→ **Exercise details**: Within the entries below, the lines from the one with "QUOZUO fish tank" through the one with "2183 Ramblewood Circle" are to be set down exactly, both ends kept.

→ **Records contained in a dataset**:
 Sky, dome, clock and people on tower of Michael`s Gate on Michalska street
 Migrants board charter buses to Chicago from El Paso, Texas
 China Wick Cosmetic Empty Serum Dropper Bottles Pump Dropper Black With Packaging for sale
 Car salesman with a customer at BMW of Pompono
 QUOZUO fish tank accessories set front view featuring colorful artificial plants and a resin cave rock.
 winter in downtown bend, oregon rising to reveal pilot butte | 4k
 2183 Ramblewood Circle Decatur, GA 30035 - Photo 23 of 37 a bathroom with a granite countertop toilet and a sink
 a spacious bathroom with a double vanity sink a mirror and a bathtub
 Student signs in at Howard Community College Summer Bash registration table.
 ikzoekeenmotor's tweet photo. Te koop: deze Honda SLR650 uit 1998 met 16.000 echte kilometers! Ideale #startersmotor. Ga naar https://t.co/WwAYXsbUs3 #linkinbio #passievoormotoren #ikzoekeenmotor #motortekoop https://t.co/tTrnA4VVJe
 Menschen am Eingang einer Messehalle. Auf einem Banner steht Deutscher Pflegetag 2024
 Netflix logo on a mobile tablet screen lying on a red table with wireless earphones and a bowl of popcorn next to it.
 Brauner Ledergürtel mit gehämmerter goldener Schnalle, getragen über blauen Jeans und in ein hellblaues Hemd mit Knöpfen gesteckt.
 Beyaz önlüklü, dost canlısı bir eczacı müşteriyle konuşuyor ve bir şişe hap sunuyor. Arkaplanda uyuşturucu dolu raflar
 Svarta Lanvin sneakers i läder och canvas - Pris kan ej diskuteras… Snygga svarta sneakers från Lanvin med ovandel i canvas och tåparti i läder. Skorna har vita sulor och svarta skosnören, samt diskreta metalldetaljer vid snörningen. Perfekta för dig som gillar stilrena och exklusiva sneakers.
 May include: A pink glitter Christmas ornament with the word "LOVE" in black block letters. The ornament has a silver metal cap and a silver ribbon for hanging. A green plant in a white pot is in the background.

→ **Output for this task**:
 QUOZUO fish tank accessories set front view featuring colorful artificial plants and a resin cave rock.
 winter in downtown bend, oregon rising to reveal pilot butte | 4k
 2183 Ramblewood Circle Decatur, GA 30035 - Photo 23 of 37 a bathroom with a granite countertop toilet and a sink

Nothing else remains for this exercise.